The storm has finally passed and I'm back where I started, staring out of the window at my parents' home in Luxembourg. Just like that day in February when I outlined all my hopes for the season, it's a cool, crisp morning. It's as if the season hasn't even happened.
My parents' garden hasn't changed. The bushes and grass seem no different. A bit of paint has faded on the garage door and a few dead leaves sit on the window ledge but that's it.
For me, though, it's been a huge experience and a breakthrough season. From the Classics to the Tour to the Vuelta and Worlds; there have been so many emotions and experiences. I'll save them all for another month's blog.
I've been kept busy since my abortive ride at the Worlds. The last few days have been spent in Madrid at Specialized's - our team's bike sponsor - expense. They flew me and Burry Stander out and had us compete in a kind of cycling celebrity death match. Okay, maybe that's a bit extreme, but for anyone who isn't familiar with Burry, he's the World Under-23 mountain bike champion and most importantly, he's quick. Very quick.

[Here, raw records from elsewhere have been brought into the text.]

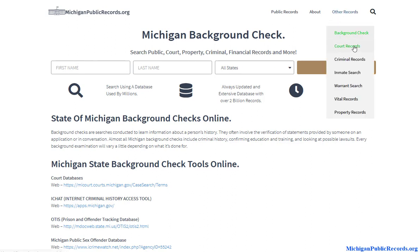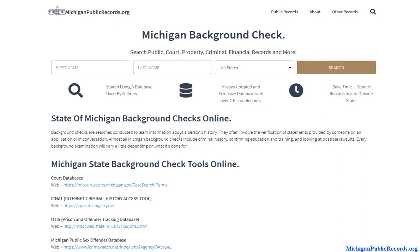Another option available to you is if you hover over 'Other Records' — you have different record types you could look at: court records, criminal records, maybe an inmate search, maybe you want to see if somebody has a warrant out, or what type of property they own. You have quite a few things to consider when it comes to background checks, and I'm just talking about the very basic things available to you at the state level.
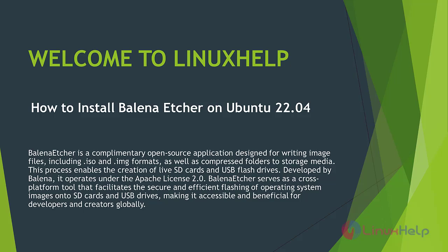Welcome to Linux Help. In today's session we are going to see how to install Balena Etcher on Ubuntu 22.04.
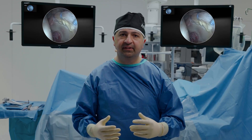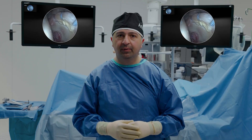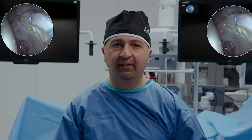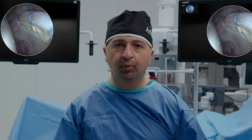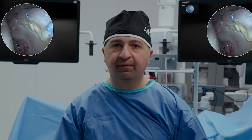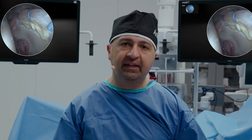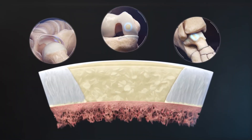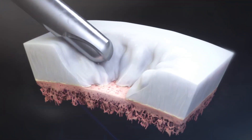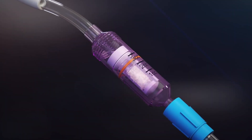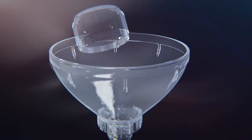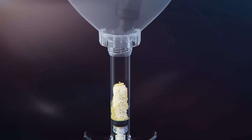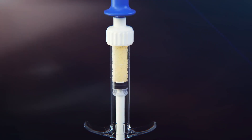These are cartilage defects that we encounter not infrequently in the setting of hip impingement surgery. These procedures have been challenging given that these are often poorly shouldered lesions that are difficult to fill and can often lead to progressive degenerative disease in the hip. AutoCart has given us the advantage of a single stage procedure using the patient's own viable chondrocytes combined with biocartilage and ACP to reliably fill these lesions and treat them in a single setting.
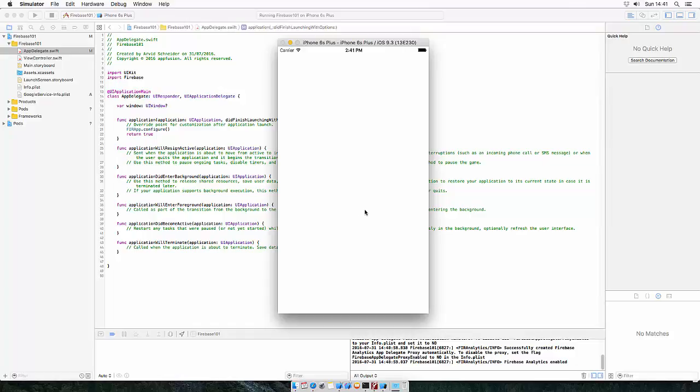This is how you connect Firebase to your application and please check out the other tutorials on my channel.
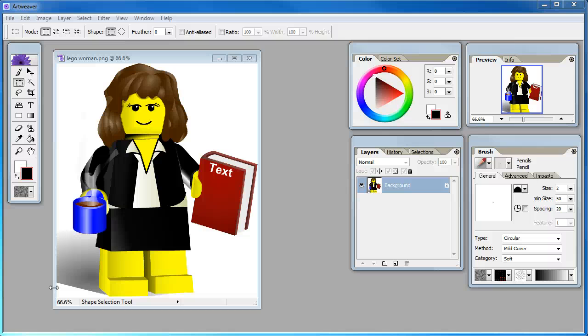Hello everyone, Brian Batt here with Articulate. I'm going to show you how to knock out the background of an image by using a free program called Artweaver.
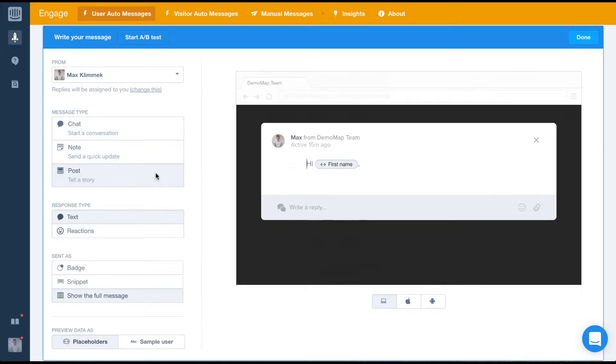Using post will send your message as a full screen notification. It's quite intrusive to the user's flow, so we'd recommend using it only for major announcements.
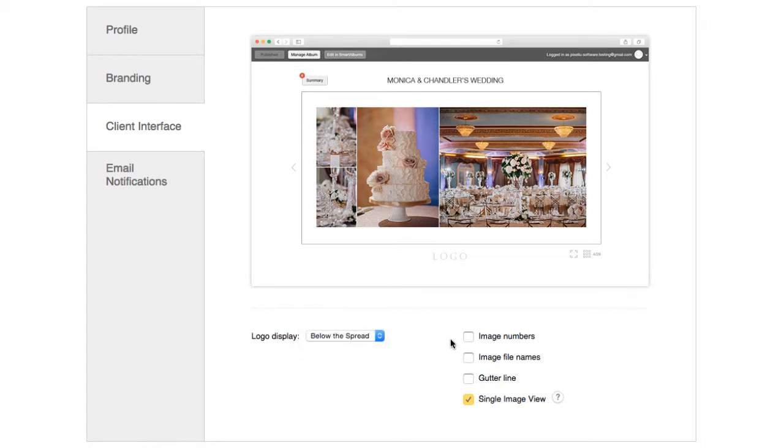Image numbers are labels over individual images that make it easier for your client to reference specific images when making comments.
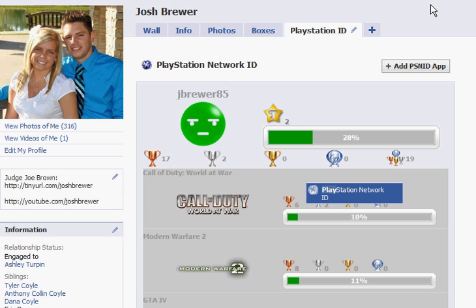Now all your friends can go to your profile, click on this PlayStation ID tab at the top. They can see your PlayStation ID along with your trophies. If you guys have any questions just go to the PlayStation Network ID app, post something on the wall and I will get back to you.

For a laugh - and I use that term lightly - Specialized had us ride up a 12-kilometre climb with me taking the road path and Burry fighting his way up the off-road trail to the top of the climb before swapping bikes and giving each other's sport a go. As you would expect we both dominated our disciplines but I had a great time on the mountain bike. I do a bit of it during the winter here in Luxembourg but it's been a while since I've been on a mountain bike. It was a lot of fun.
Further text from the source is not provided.